┏━━

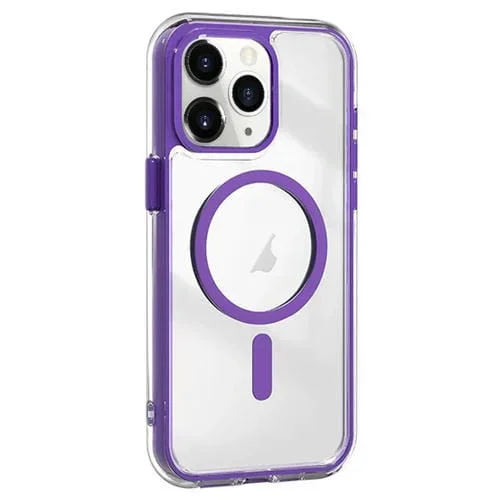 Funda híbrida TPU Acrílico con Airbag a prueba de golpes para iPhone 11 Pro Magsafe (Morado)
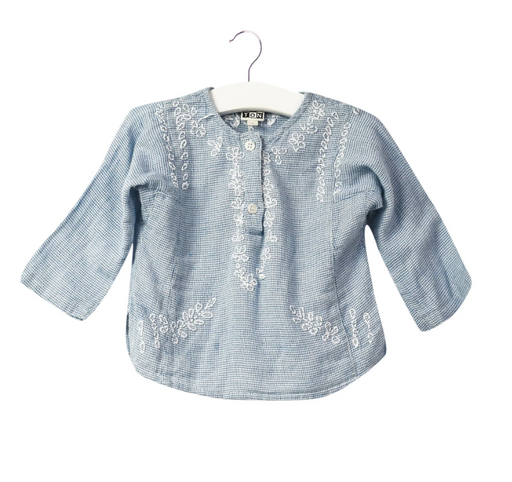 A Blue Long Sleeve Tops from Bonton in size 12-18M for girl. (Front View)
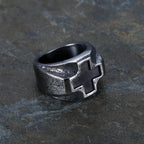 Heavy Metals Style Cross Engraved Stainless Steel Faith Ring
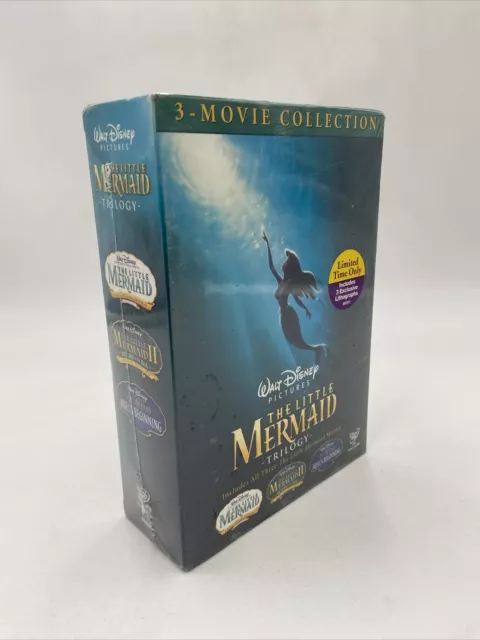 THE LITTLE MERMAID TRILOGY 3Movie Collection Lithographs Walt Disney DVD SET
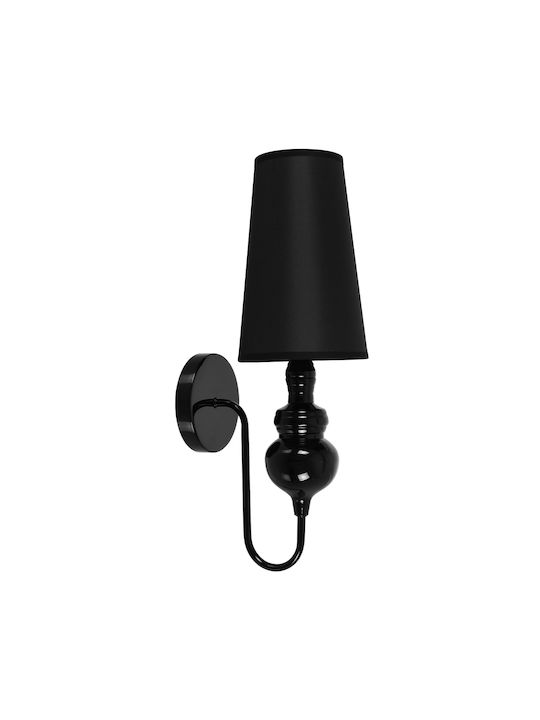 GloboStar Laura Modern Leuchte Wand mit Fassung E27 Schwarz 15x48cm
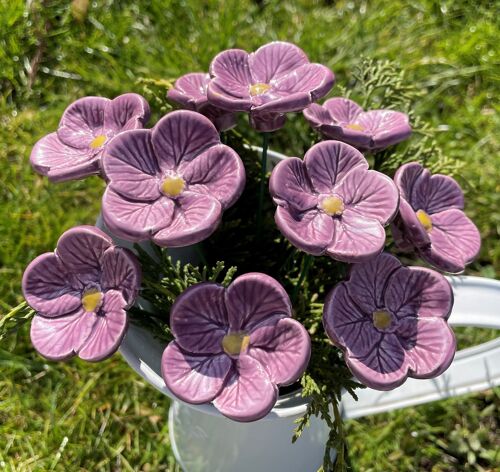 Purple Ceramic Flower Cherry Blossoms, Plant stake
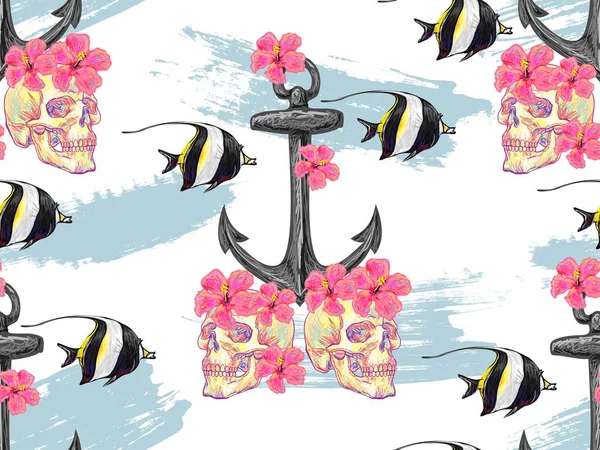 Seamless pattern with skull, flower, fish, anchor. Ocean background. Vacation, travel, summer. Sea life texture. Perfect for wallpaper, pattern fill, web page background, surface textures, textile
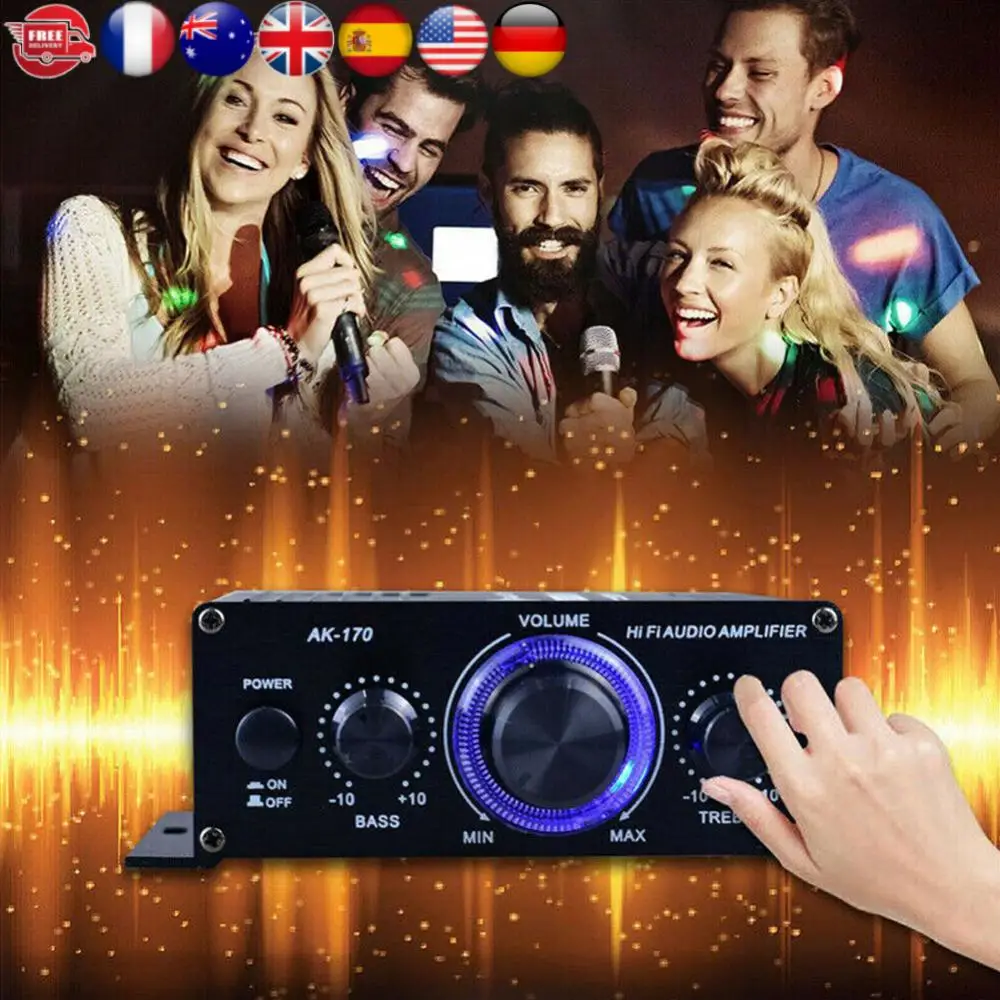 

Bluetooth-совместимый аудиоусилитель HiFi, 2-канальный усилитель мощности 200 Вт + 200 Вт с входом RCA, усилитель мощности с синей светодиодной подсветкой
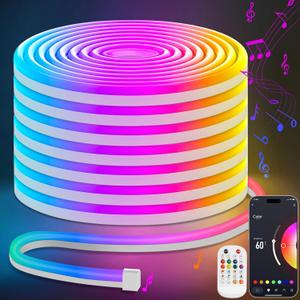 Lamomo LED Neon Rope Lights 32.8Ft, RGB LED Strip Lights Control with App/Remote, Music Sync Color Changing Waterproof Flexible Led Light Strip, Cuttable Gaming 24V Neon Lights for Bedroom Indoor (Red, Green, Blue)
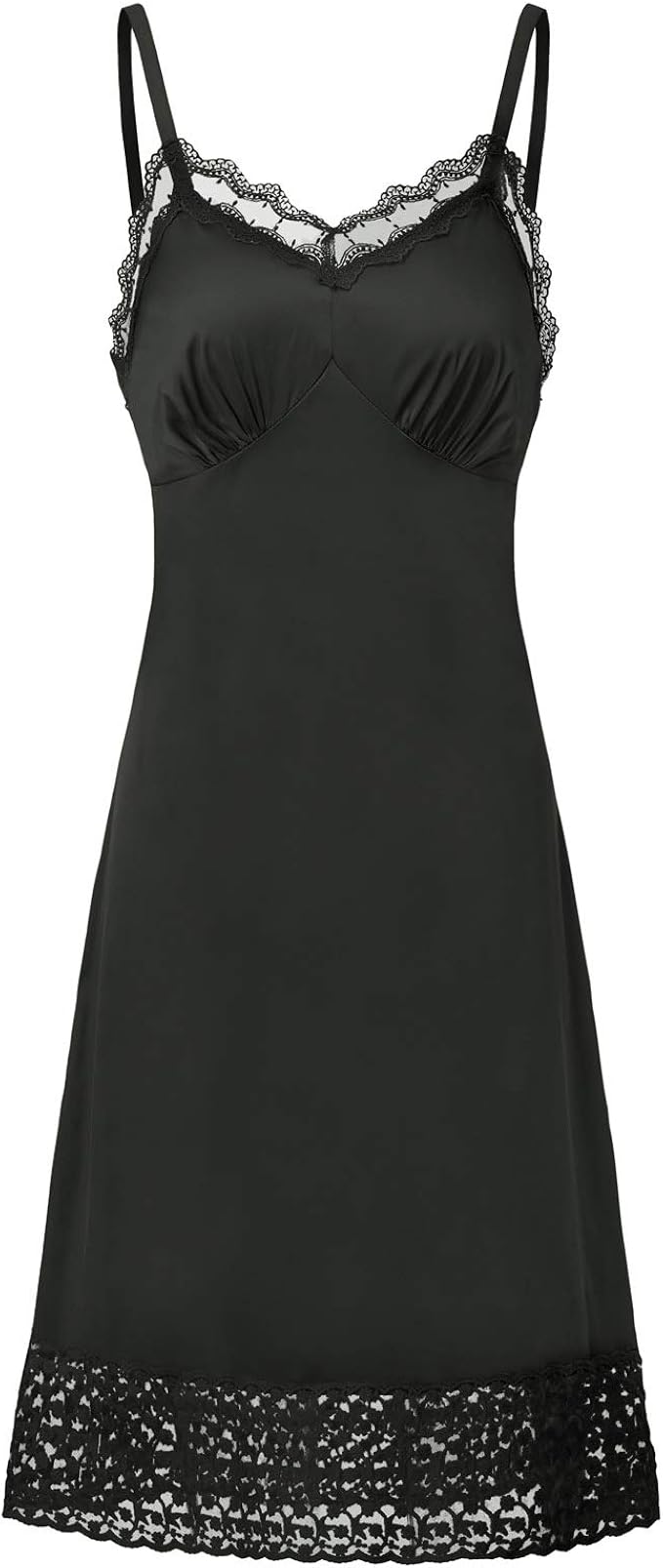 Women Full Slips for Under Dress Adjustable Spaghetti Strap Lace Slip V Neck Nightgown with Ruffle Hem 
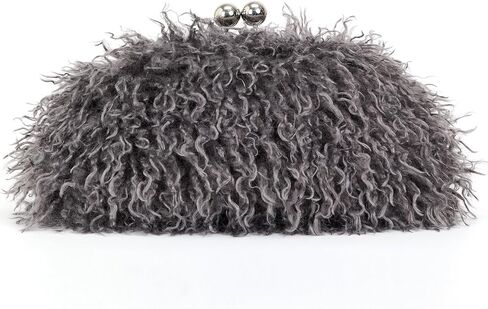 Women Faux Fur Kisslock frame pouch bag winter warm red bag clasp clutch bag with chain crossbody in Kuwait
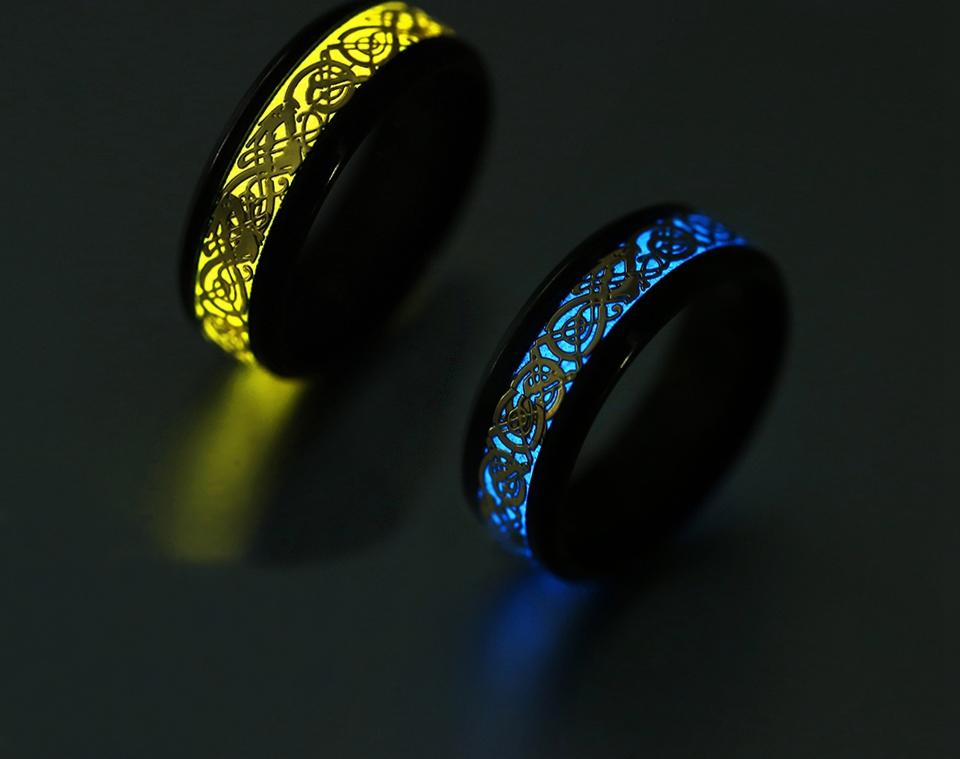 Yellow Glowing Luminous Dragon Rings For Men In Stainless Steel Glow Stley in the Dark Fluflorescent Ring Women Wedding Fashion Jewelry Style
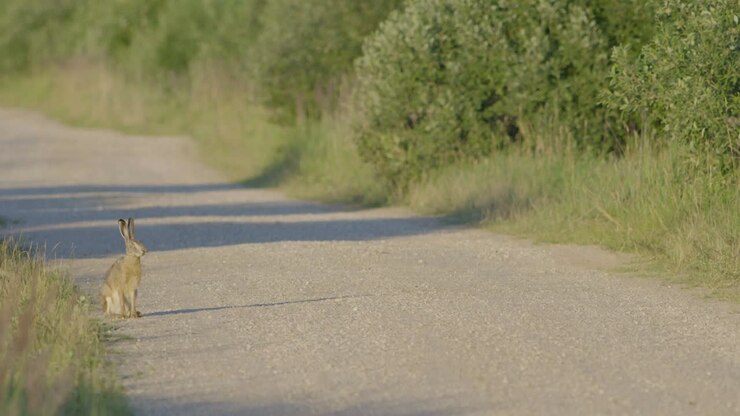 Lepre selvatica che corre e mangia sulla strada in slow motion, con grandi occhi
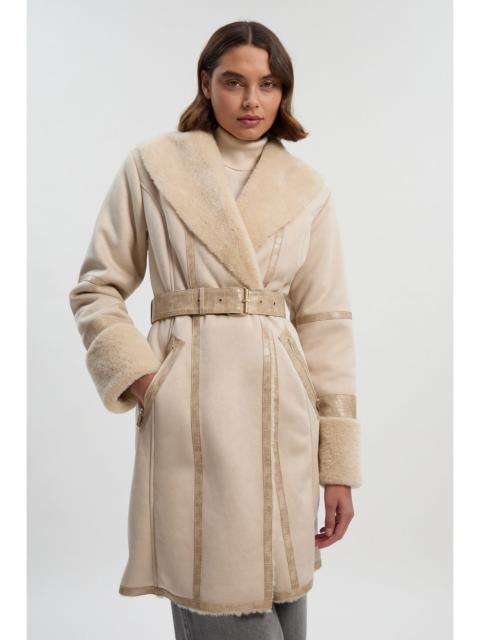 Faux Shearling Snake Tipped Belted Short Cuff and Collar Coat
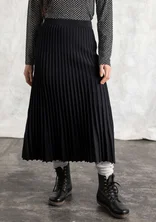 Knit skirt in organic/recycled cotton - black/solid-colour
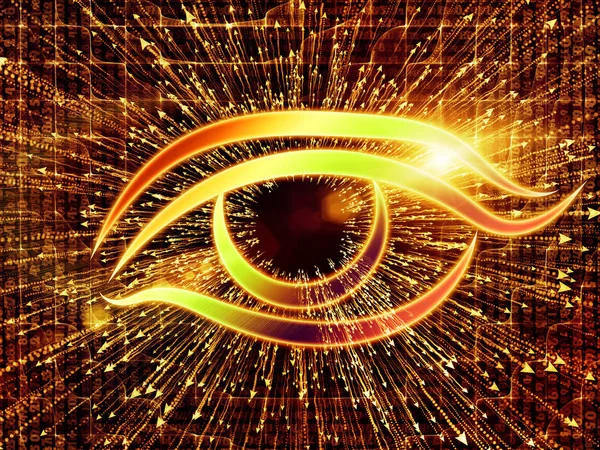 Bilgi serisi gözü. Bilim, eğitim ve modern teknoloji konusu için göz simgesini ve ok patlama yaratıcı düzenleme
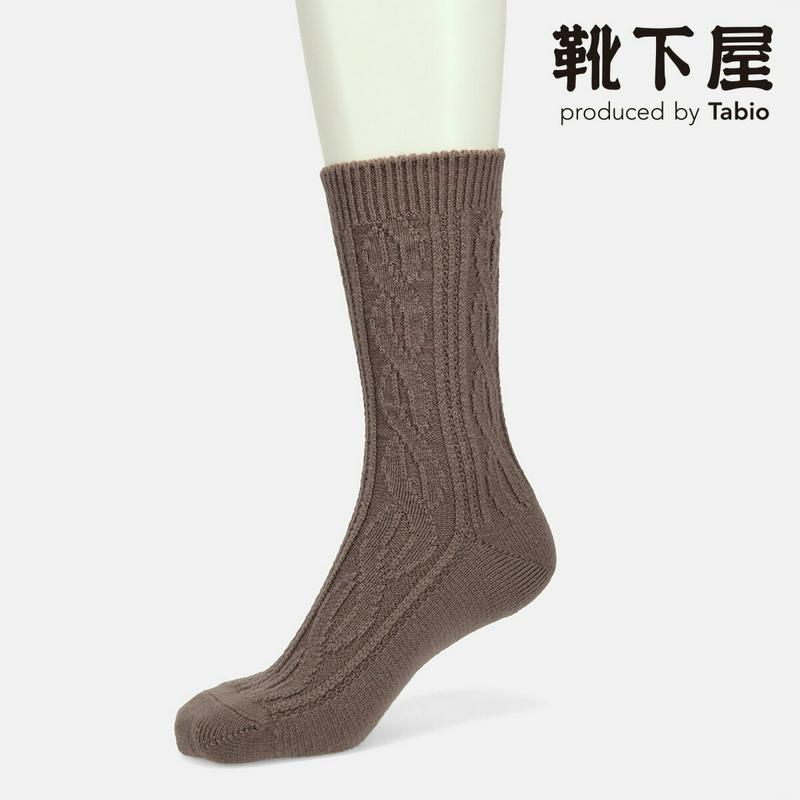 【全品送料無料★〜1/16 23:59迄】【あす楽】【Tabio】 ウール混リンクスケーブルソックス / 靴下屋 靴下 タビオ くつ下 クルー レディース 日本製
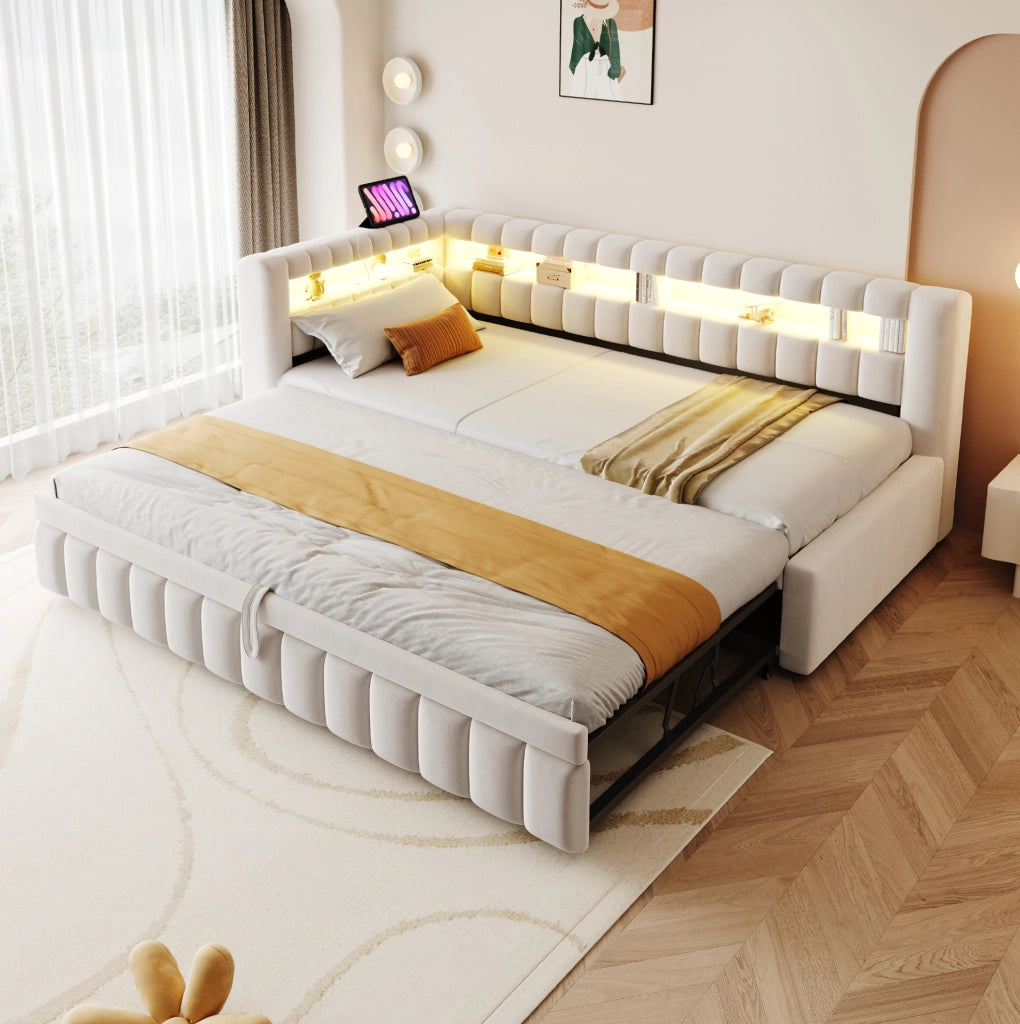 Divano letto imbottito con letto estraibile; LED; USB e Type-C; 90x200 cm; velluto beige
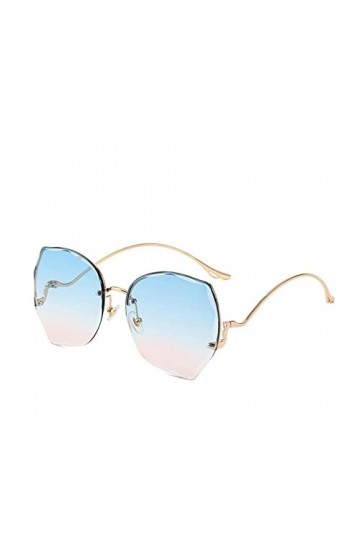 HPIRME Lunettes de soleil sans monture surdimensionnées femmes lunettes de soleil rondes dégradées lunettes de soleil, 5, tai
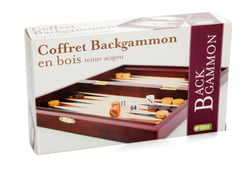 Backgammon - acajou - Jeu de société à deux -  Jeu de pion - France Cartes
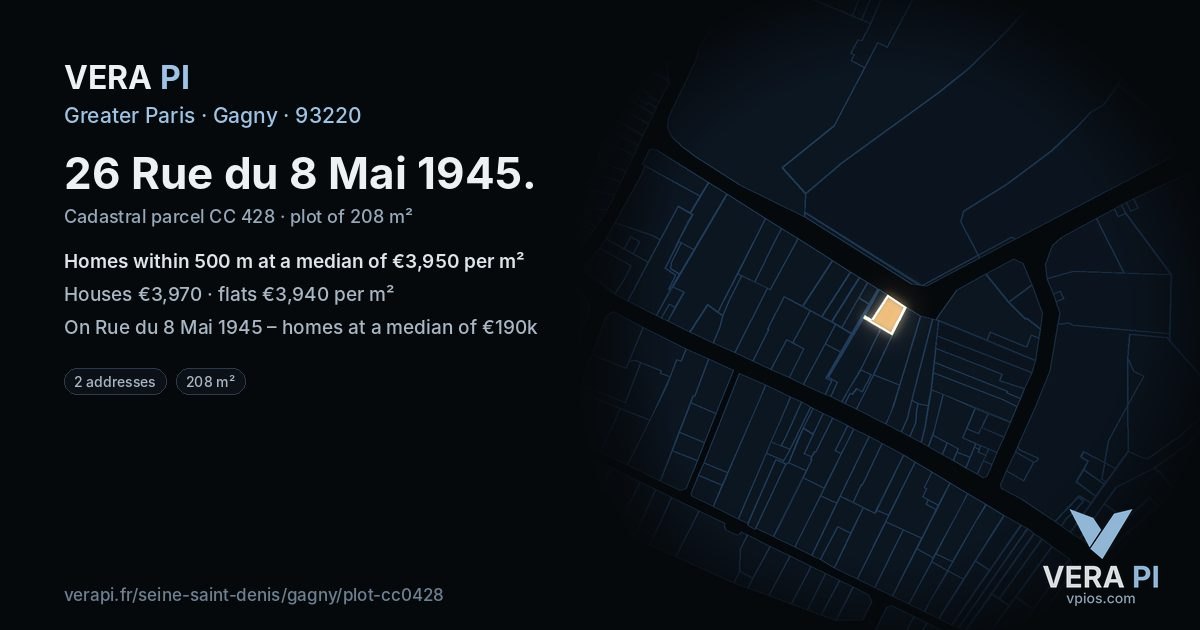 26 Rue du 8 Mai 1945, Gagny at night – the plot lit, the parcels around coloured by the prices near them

┗━━

Activity:
In the data above, retype only the stretch from the line with "GloboStar Laura Modern" through the line with "Women Faux Fur", word for word, and skip any pictures.

Answer box:
 GloboStar Laura Modern Leuchte Wand mit Fassung E27 Schwarz 15x48cm
 Purple Ceramic Flower Cherry Blossoms, Plant stake
 Seamless pattern with skull, flower, fish, anchor. Ocean background. Vacation, travel, summer. Sea life texture. Perfect for wallpaper, pattern fill, web page background, surface textures, textile

Bluetooth-совместимый аудиоусилитель HiFi, 2-канальный усилитель мощности 200 Вт + 200 Вт с входом RCA, усилитель мощности с синей светодиодной подсветкой
 Lamomo LED Neon Rope Lights 32.8Ft, RGB LED Strip Lights Control with App/Remote, Music Sync Color Changing Waterproof Flexible Led Light Strip, Cuttable Gaming 24V Neon Lights for Bedroom Indoor (Red, Green, Blue)
 Women Full Slips for Under Dress Adjustable Spaghetti Strap Lace Slip V Neck Nightgown with Ruffle Hem 
 Women Faux Fur Kisslock frame pouch bag winter warm red bag clasp clutch bag with chain crossbody in Kuwait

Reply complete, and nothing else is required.